EXERCISE DETAILS:
Transcribe all the data, leaving each word as it is.

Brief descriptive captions
------------------------------------------------
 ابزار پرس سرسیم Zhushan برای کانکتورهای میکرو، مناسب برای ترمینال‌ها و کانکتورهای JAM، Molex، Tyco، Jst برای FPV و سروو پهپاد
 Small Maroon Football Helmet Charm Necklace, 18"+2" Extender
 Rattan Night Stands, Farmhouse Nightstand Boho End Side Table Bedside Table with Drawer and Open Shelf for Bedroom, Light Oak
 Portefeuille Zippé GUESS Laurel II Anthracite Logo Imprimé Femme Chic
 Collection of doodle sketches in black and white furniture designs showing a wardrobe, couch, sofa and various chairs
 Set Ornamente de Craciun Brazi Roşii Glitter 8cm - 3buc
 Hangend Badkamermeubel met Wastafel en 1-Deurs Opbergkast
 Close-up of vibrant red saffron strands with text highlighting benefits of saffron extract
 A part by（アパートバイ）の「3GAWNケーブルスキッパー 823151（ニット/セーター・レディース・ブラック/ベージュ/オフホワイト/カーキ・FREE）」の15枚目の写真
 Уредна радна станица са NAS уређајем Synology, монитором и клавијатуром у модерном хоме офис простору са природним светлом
------------------------------------------------
OUTPUT BELOW:
 ابزار پرس سرسیم Zhushan برای کانکتورهای میکرو، مناسب برای ترمینال‌ها و کانکتورهای JAM، Molex، Tyco، Jst برای FPV و سروو پهپاد
 Small Maroon Football Helmet Charm Necklace, 18"+2" Extender
 Rattan Night Stands, Farmhouse Nightstand Boho End Side Table Bedside Table with Drawer and Open Shelf for Bedroom, Light Oak
 Portefeuille Zippé GUESS Laurel II Anthracite Logo Imprimé Femme Chic
 Collection of doodle sketches in black and white furniture designs showing a wardrobe, couch, sofa and various chairs
 Set Ornamente de Craciun Brazi Roşii Glitter 8cm - 3buc
 Hangend Badkamermeubel met Wastafel en 1-Deurs Opbergkast
 Close-up of vibrant red saffron strands with text highlighting benefits of saffron extract
 A part by（アパートバイ）の「3GAWNケーブルスキッパー 823151（ニット/セーター・レディース・ブラック/ベージュ/オフホワイト/カーキ・FREE）」の15枚目の写真
 Уредна радна станица са NAS уређајем Synology, монитором и клавијатуром у модерном хоме офис простору са природним светлом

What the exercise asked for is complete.